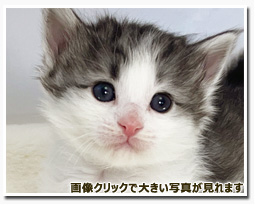 ノルウェージャンフォレストキャット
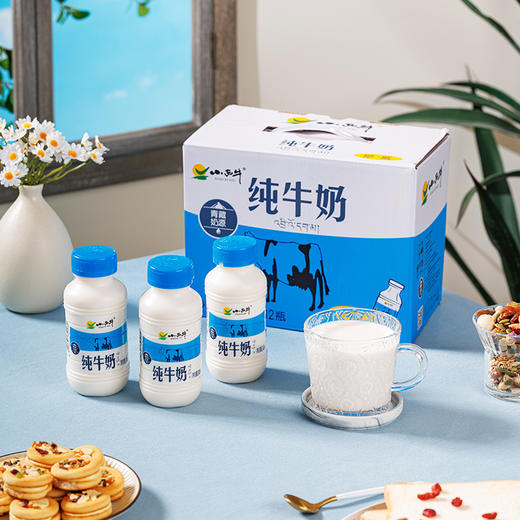 【光明&小西牛】青藏高原纯牛奶 青海牛奶 高原特色瓶装牛奶243ml*12瓶 商品图3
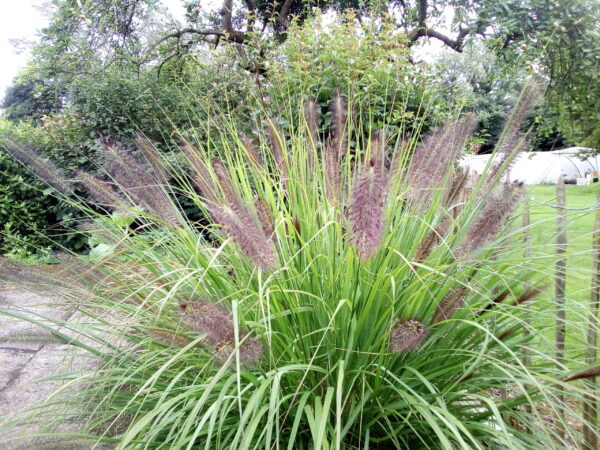 garden plant flowering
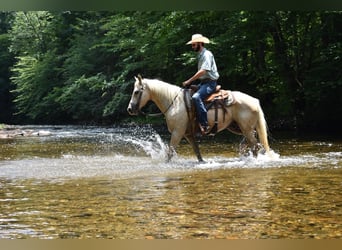 Caballo cuarto de milla, Caballo castrado, 8 años, 152 cm, Palomino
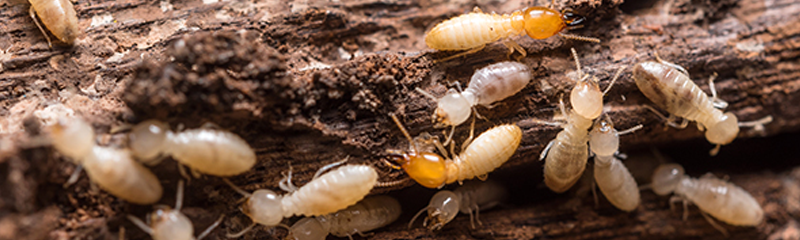 A close-up image of a colony of termites on a piece of decayed wood, with worker termites and a few soldier termites with darker heads visible.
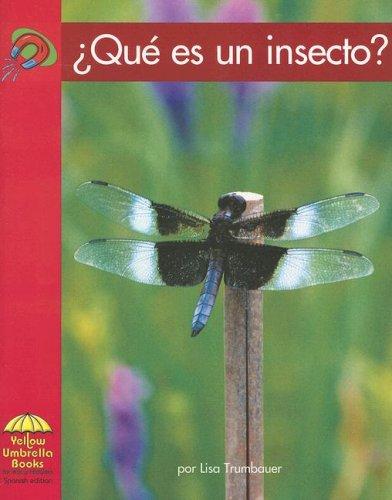 Cover for Que Es Un Insecto?/ What Is an Insect?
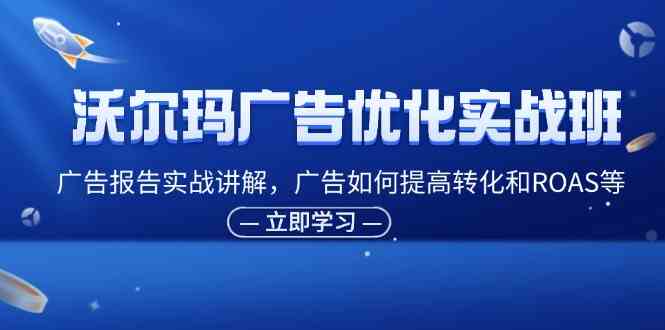 沃尔玛广告优化实战班，广告报告实战讲解，广告如何提高转化和ROAS等-聊项目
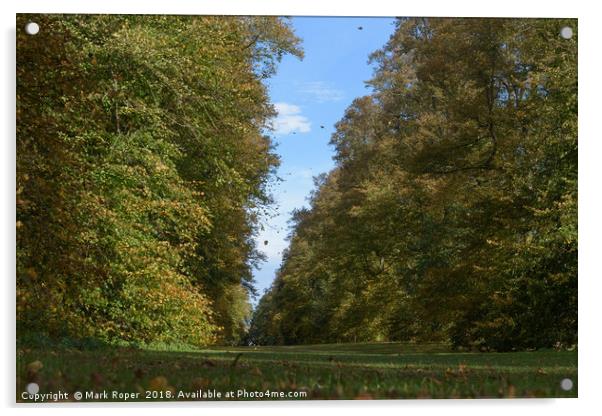 Leaves falling in autumn at Lime Avenue, Nowton Pa Acrylic by Mark Roper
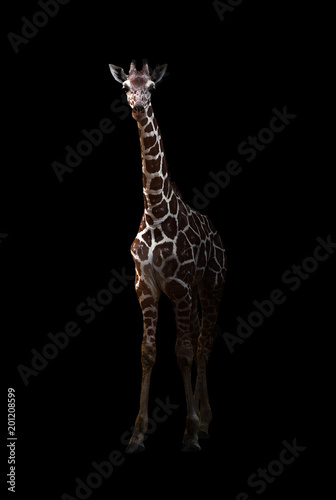 giraffe standing in the dark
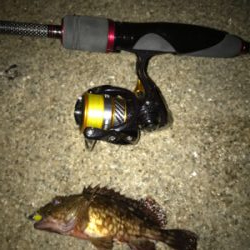 雨に降られて強制終了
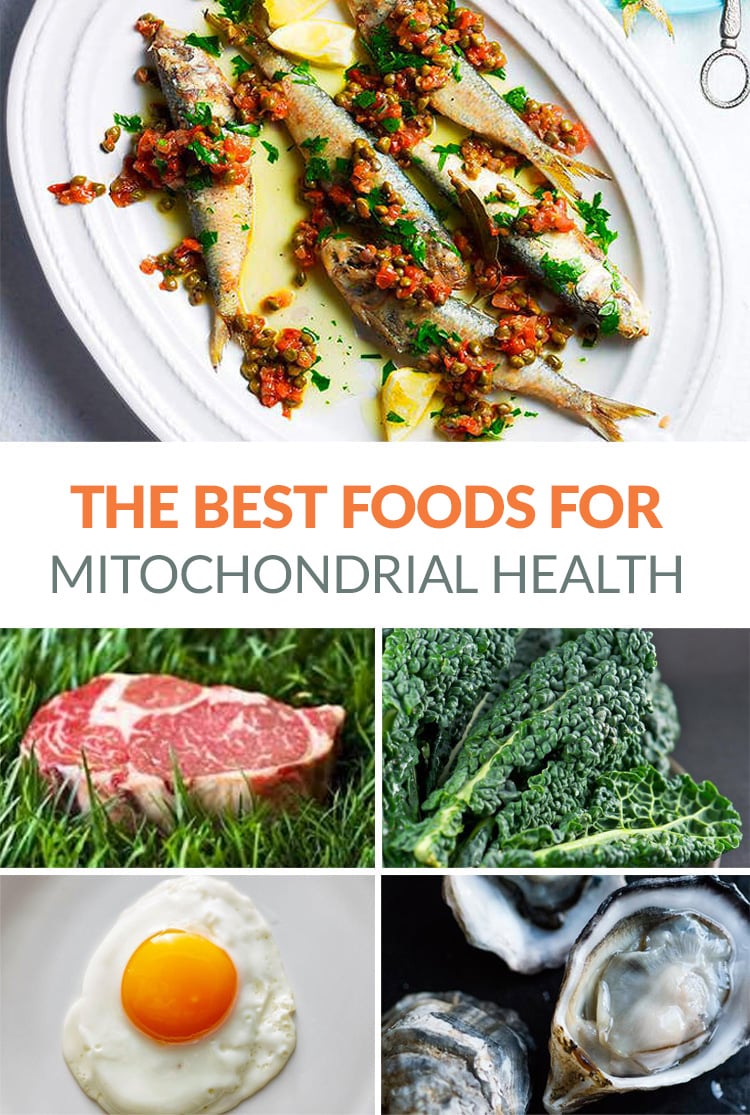 The best foods for mitochondria health
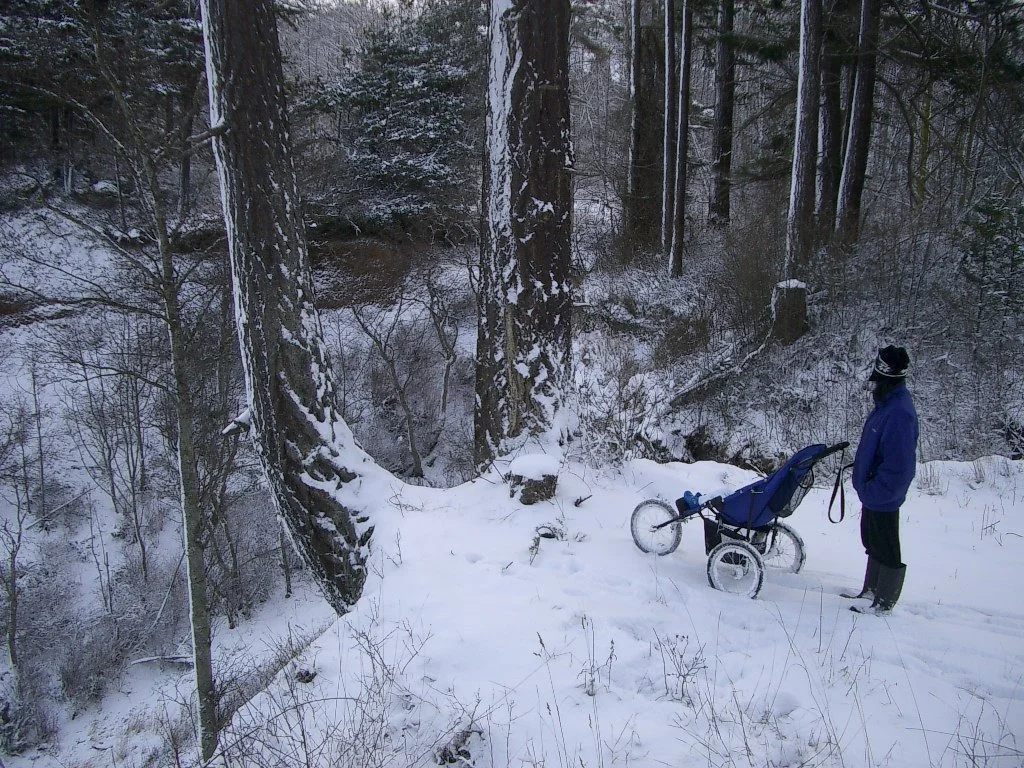 2004-1-3 LAKE FARM IN SNOW (21).JPG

┄┄┄┄┄┄

[Task to carry out]: Give back exactly the lines from the line with "Leaves falling in" through the end of the material above, and omit every picture.

[Result of the exercise]:
 Leaves falling in autumn at Lime Avenue, Nowton Pa Acrylic by Mark Roper
 giraffe standing in the dark
 雨に降られて強制終了
 The best foods for mitochondria health
 2004-1-3 LAKE FARM IN SNOW (21).JPG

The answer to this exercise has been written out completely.